The man, the myth and the mustache are all here, albeit modestly. Harron’s path into Dalí’s world is through an invented character, James (the newcomer Christopher Briney), who’s recently landed a job at the artist’s New York gallery. An anodyne pretty boy, James serves as a proxy for the viewer, a wide-eyed tourist in a seductively foreign land. He enters partly by chance, although his looks and good timing help: Dalí (Ben Kingsley), who’s struggling to produce sufficient new work for an upcoming show, recruits James as an assistant, ushering him into the frantic, at times funny and often bleak bacchanalia of the movie’s title.
Much of the story takes place in 1974, starting with one of Dalí’s customary winter sojourns at the St. Regis Hotel in New York.
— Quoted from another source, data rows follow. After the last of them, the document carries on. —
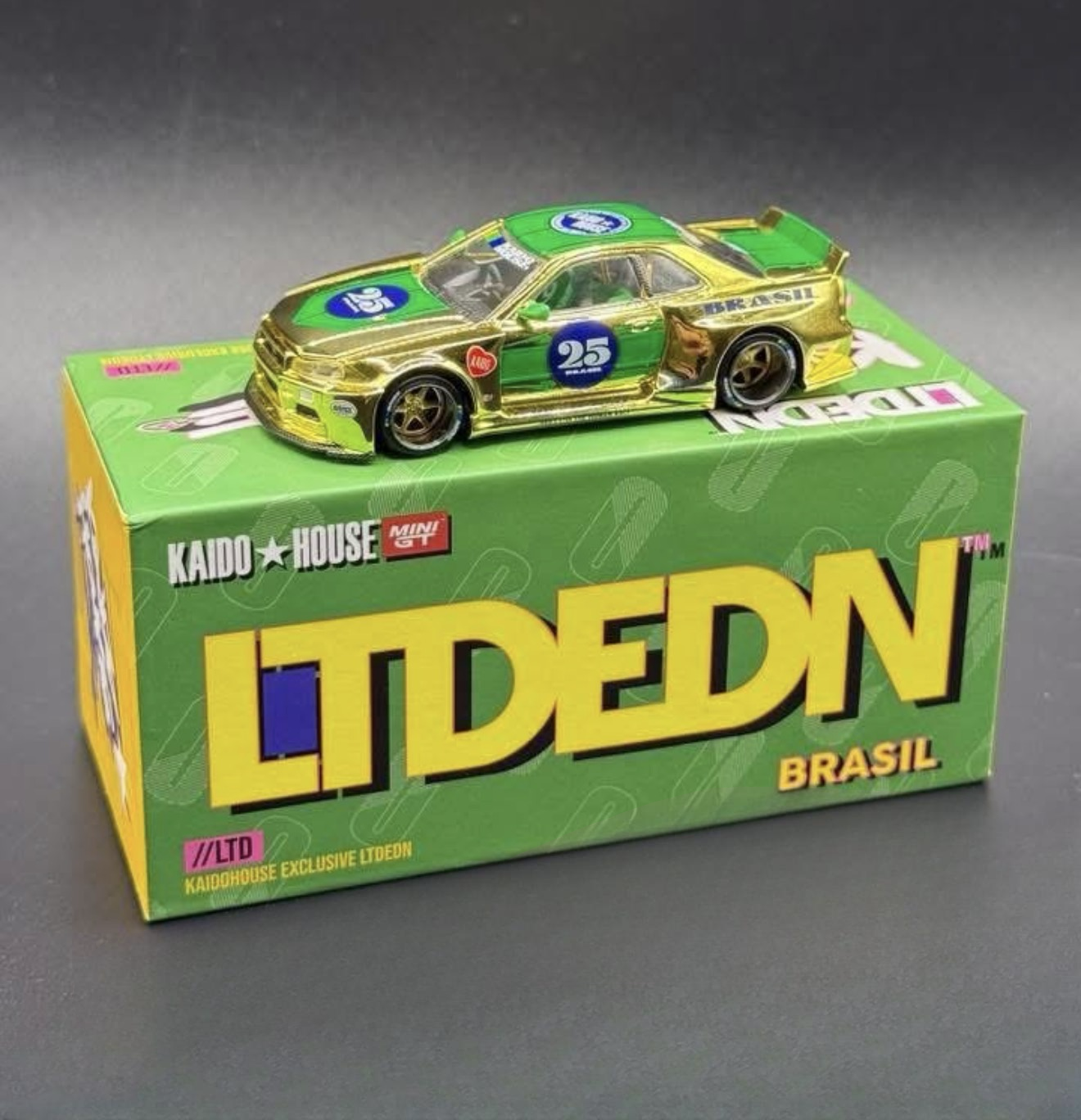 Kaido House 1:64 LTDEDN 2025 Salao Diecast Exclusive Nissan Skyline GT-R R34 Kaido Racing Gold Chrome - KHMG204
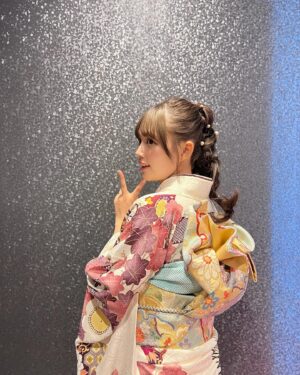 Hinami Mori Instagram - 新年、明けまして
おめでとうございます🎍⛅️
今年もよろしくお願いします☺︎
健やかに過ごしながら、美味しいものいっぱい食べようね

そして！！明日、1/2(火) 14:00〜
テレビ東京「新春！お笑い名人寄席」
出演しますー！！！🫶🏻
お正月にテレビでお笑い番組を見るのが大好きで。
年始の番組に振袖姿で出ることは
1つの目標でして憧れだったのです。。
なんと初めての大喜利にも挑戦してます...ひぇ

私にとって嬉しい嬉しい
2024年の幕開けになったよ
一緒に観て、初笑いしましょうね☺️
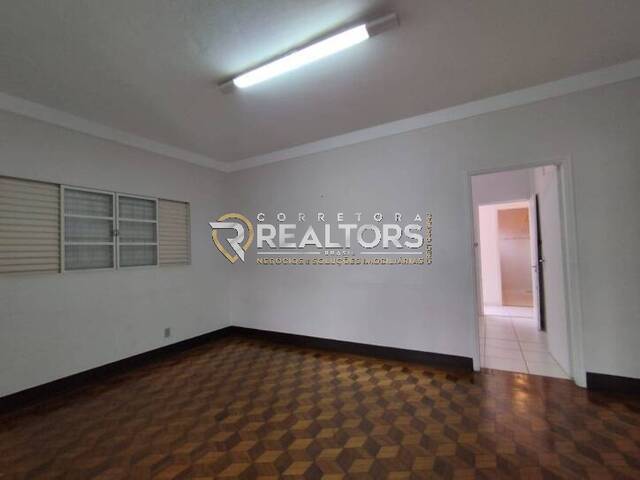 Casa para Venda em Botucatu - 5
There, in a spacious suite wreathed in cigarette smoke and throbbing with rock music, he and his formidable, sometimes terrifying wife, Gala (Barbara Sukowa), preside over a glittery circus that’s populated by beautiful people and supplicating waiters, and watched over by Dalí ’s longtime aide, Captain Moore (Rupert Graves). Amid the ostrich boas, flowing Champagne and lines of coke, the slack-jawed James meets hangers-on like Alice Cooper (Mark McKenna) as well as the artist’s muse Amanda Lear (Andreja Pejic), and one exceedingly dull love interest, Ginesta (Suki Waterhouse).
James isn’t all that interesting, either, and there’s too much of him in the movie. This isn’t Briney’s fault; he’s pleasant to look at, and he manages his transition from tourist to accidental Dalí-wood guide well enough. It’s just that once Dalí and Gala swan in, they immediately and rightly become the only characters you want to spend time with. They’re entertaining, for one, having long settled into roles that feed their public profiles and public relations: She’s the money-grubbing dominatrix while he alternately cowers, begs for her attention and upstages her. The relationship provides tension and mystery that the well-matched Kingsley and Sukowa complicate with gargoyle masks and shocks of vulnerability.